== TASK BRIEF ==
Using only the entries below, output the lines starting at the one containing "Kids Pencil Wooden" and ending at the one containing "Westside Home Off-White", exactly and inclusive of both, omitting the pictures.

----------

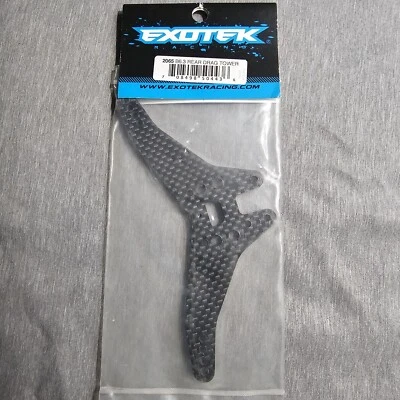 Exotek 2065 B6 Rear Drag Tower 4mm Carbon Fiber for Laydown/Layback Gearboxes - Image 1 of 2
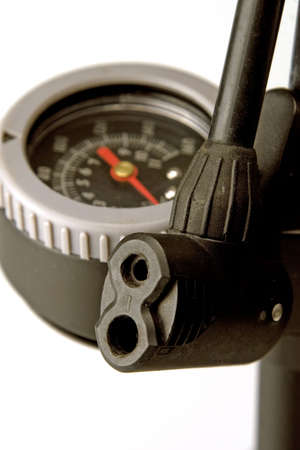 Close-up of bicycle gauge and focus on nozzle from pumpの写真素材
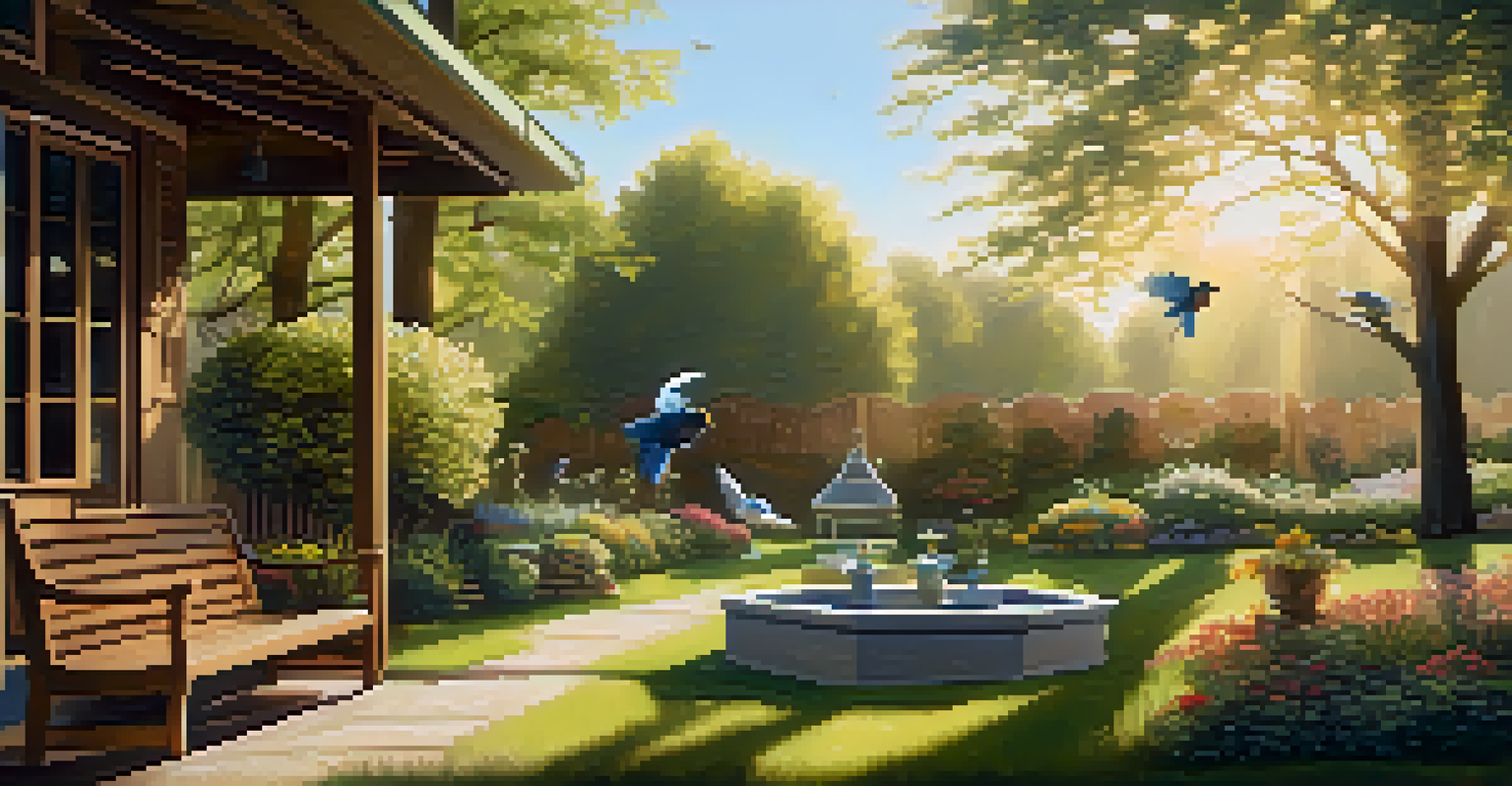 A peaceful birdwatching space in a garden with benches and bird feeders, illuminated by soft morning light.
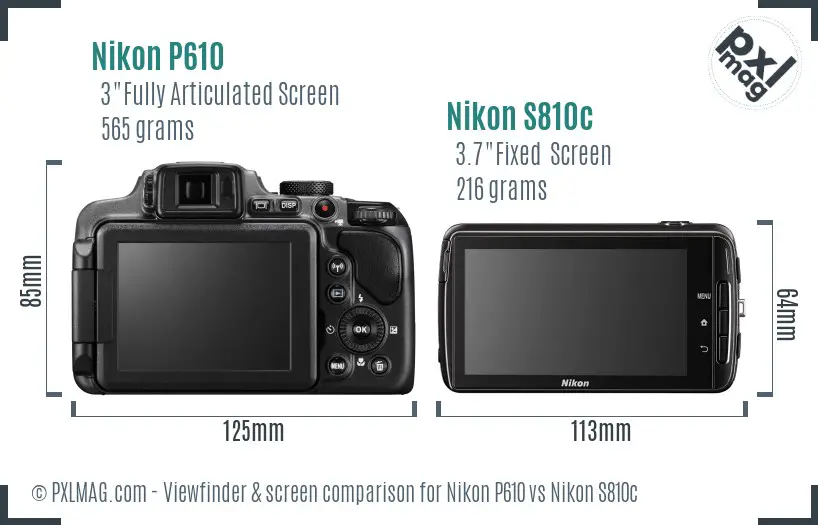 Nikon P610 vs Nikon S810c Screen and Viewfinder comparison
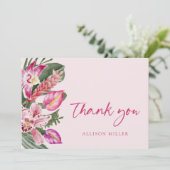 Carte De Remerciements Baby shower tropical (Debout devant)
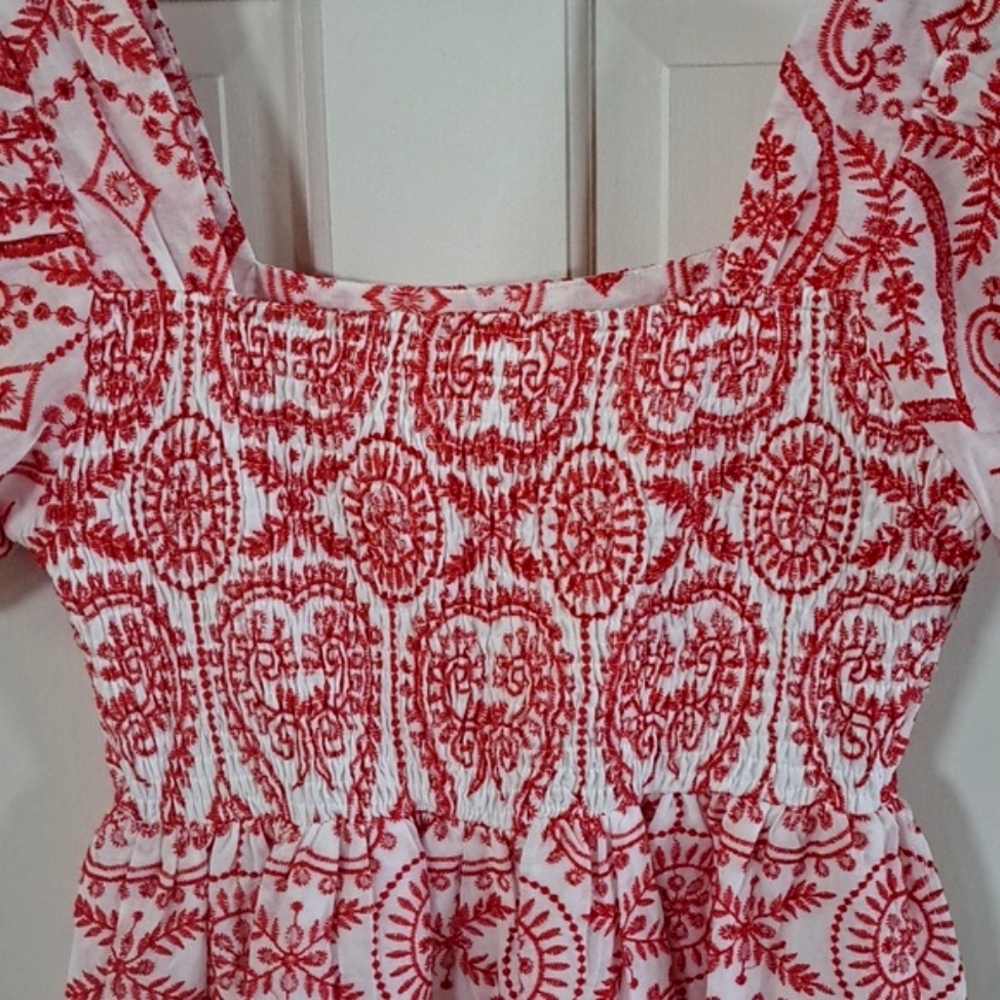 NWT Embroidered So Me 100% Cotton  Red/wht Eyelet Babydoll Dress Empire Waist - Picture 9 of 12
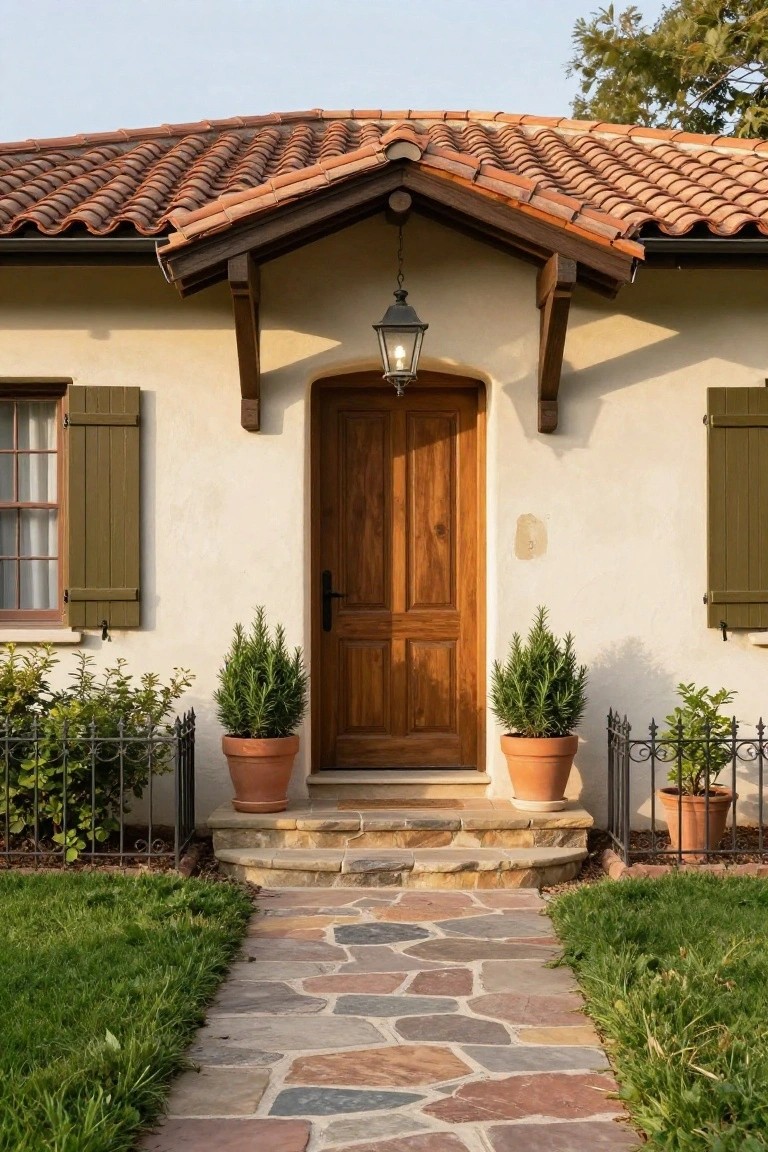 Beige stucco house facade with red tile roof, dark wooden paneled front door under wooden beam and hanging lantern, flanked by two terracotta pots of topiary evergreens on stone steps, green shutters on windows, flagstone path leading to entry.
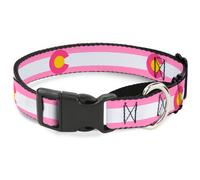 Plastic Martingale Collar Colorado Flags5 Repeat Light Pink/White/Pink/Yellow Sm
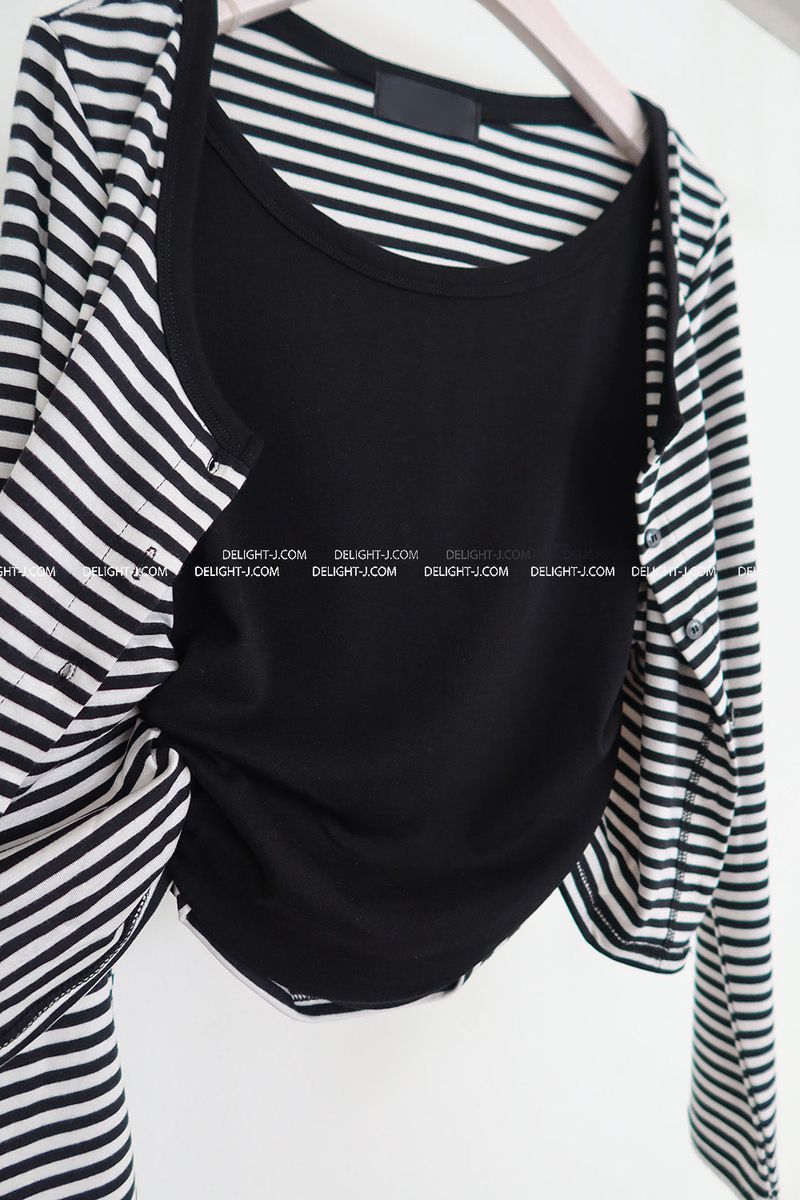 Stripe Layered Shirring Cardigan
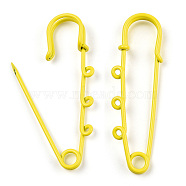 Spray Painted Iron Brooch Findings, Kilt Pins with Triple Loops, Yellow, 59x18x6mm, Hole: 2mm(IFIN-K043-01A-06)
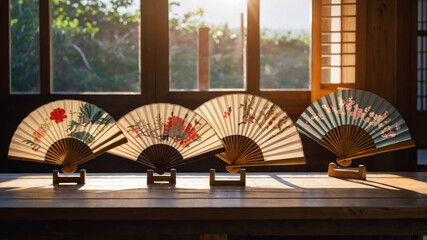 Japanese decorative fans arranged on a wooden table with sunlight streaming through a window in a serene setting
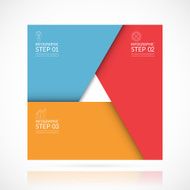 Vector square infographic template in material style N4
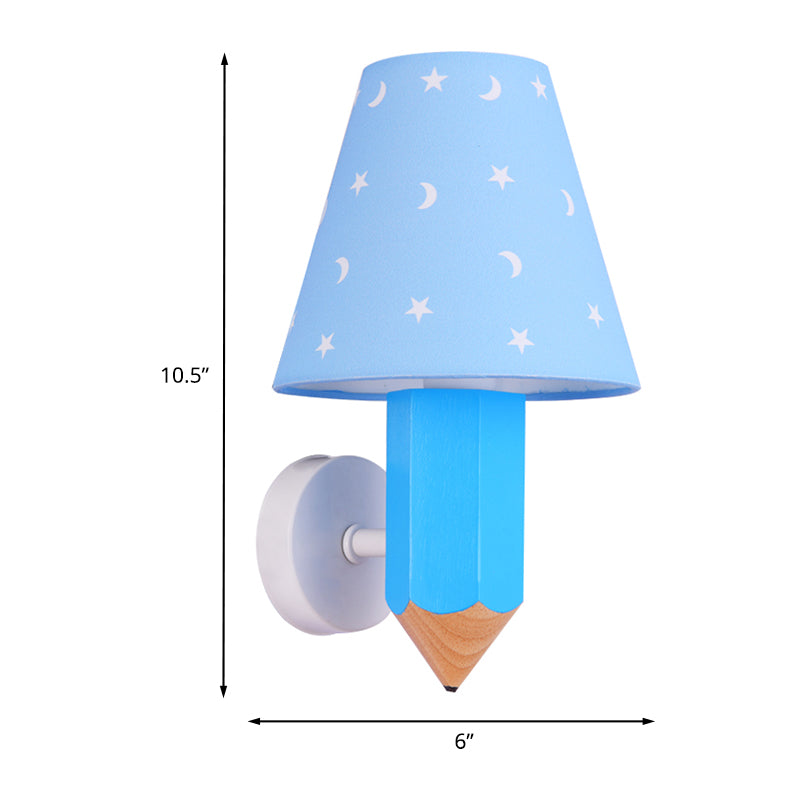 Kids Pencil Wooden Wall Light Fixture Single-Bulb Sconce Ideas with Conic Lamp Shade in Blue Clearhalo 'Wall Lamps & Sconces' 'Wall Lights' Lighting' 1473287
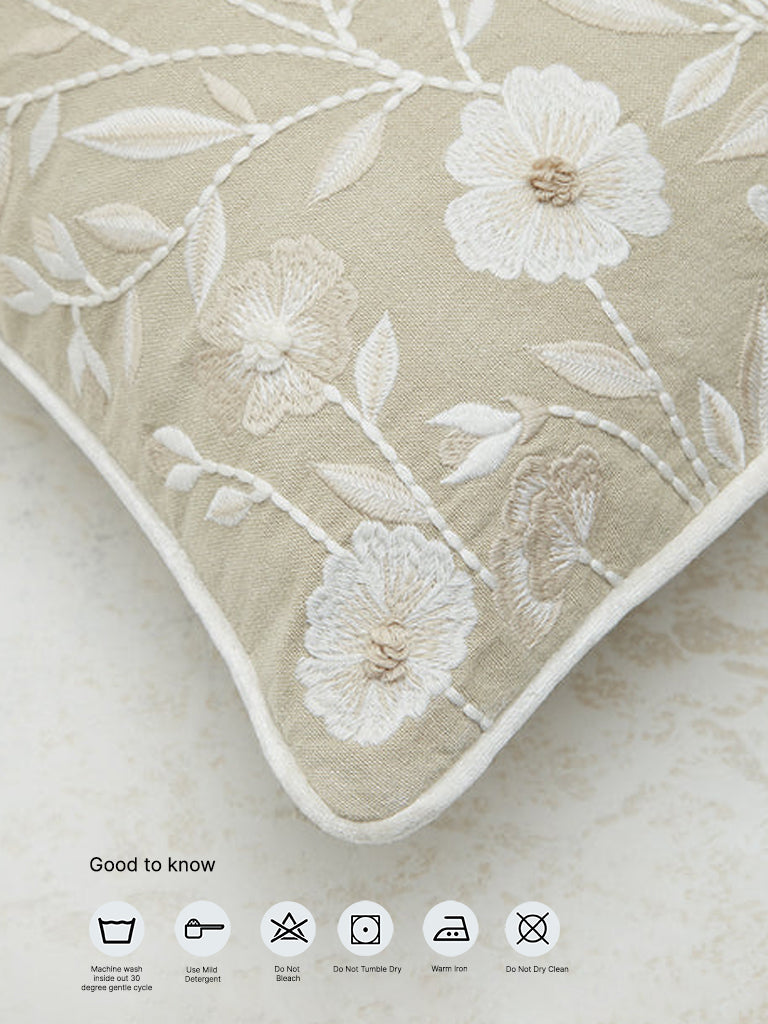 Westside Home Off-White Floral Embroidered Cushion Cover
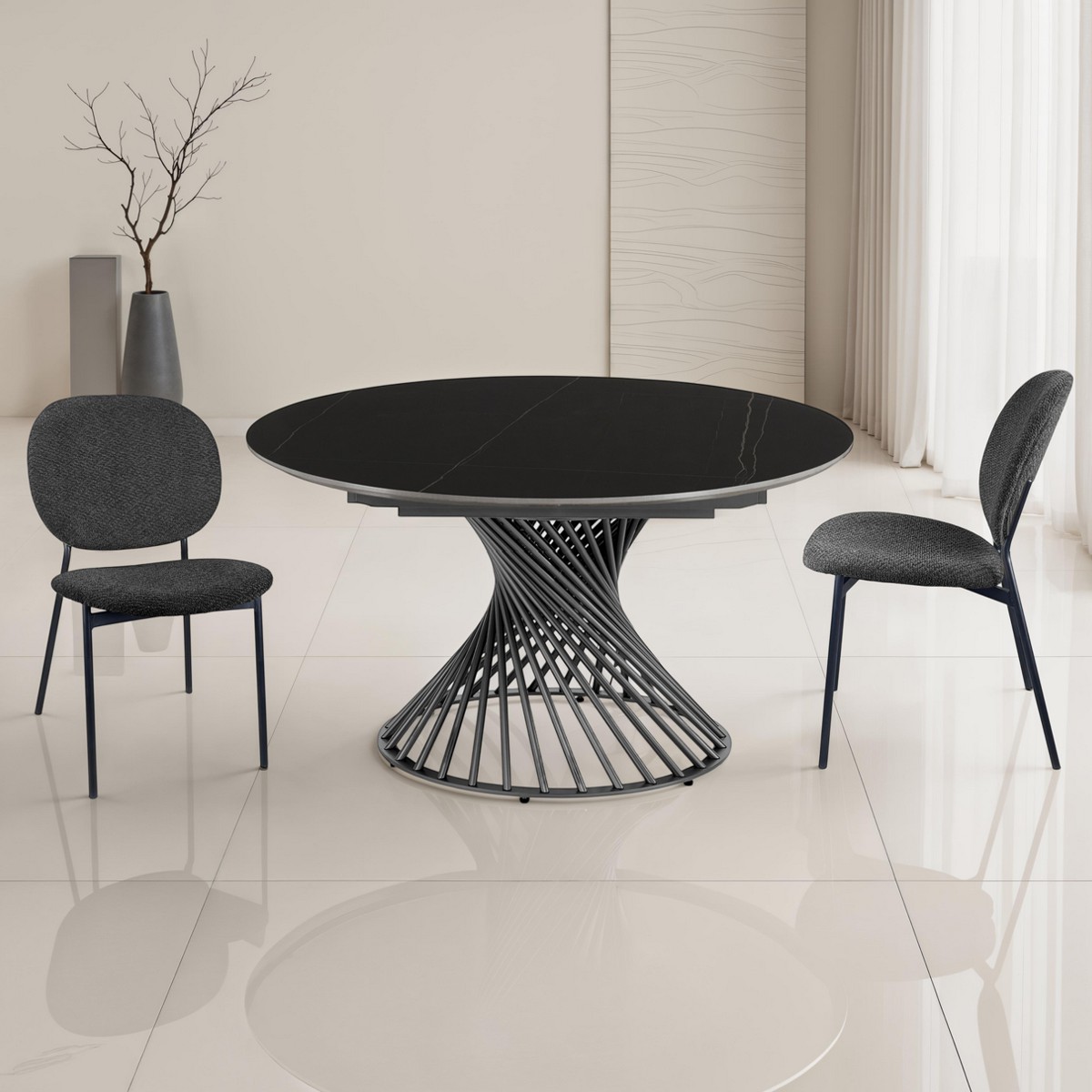 Table Ronde Extensible Jorum Black Marble céramique effet marbre noir mat piètement en acier gris mat, ø 120 x 180 cm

----------

== ANSWER TO THE PROBLEM ==
 Kids Pencil Wooden Wall Light Fixture Single-Bulb Sconce Ideas with Conic Lamp Shade in Blue Clearhalo 'Wall Lamps & Sconces' 'Wall Lights' Lighting' 1473287
 Westside Home Off-White Floral Embroidered Cushion Cover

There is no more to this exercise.